Being able to find SPSS in the start menu does not qualify you to run a multi-nomial logistic regression.
This is the kind of comment statisticians find funny that leaves other people scratching their heads. The point is that it’s not that difficult to get output for some fairly complex statistical procedures.
Let’s start with the confirmatory factor analysis I mentioned in my last post. Once you get past the standard stuff that tells you that your model terminated successfully, the number of variables and factors, you see this:
Chi-Square Test of Model Fit
Degrees of Freedom 8
The null hypothesis is that there is no difference between the patterns observed in these data and the model specified. So, unlike many cases where you are hoping to reject the null hypothesis, in this case I certainly do NOT want to reject the hypothesis that this is a good fit.
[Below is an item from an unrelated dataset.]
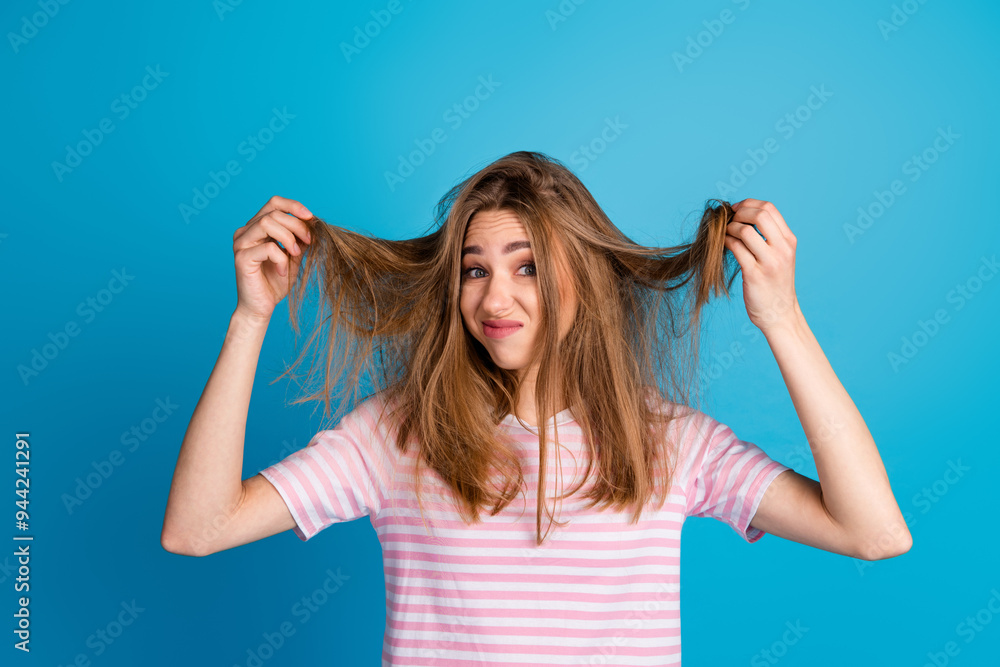 Photo of charming cute woman wear trendy pink clothes hold hair isolated on blue color background Photo of charming cute woman wear trendy pink clothes hold hair isolated on blue color background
As you can see from my chi-square value above, this model is acceptable.
Another measure of goodness of fit is the root mean square error of approximation (RMSEA).
RMSEA (Root Mean Square Error Of Approximation)
90 Percent C.I. 0.000 0.046
Probability RMSEA <= .05 0.973
An acceptable model should have an RMSEA less than .05. You can see above that the estimate for RMSEA is .011, the 90 percent confidence interval is 0 – .046 and the probability that the population RMSEA is less than .05 is 97.3%. Again, consistent with our chi-square, the model appears to fit.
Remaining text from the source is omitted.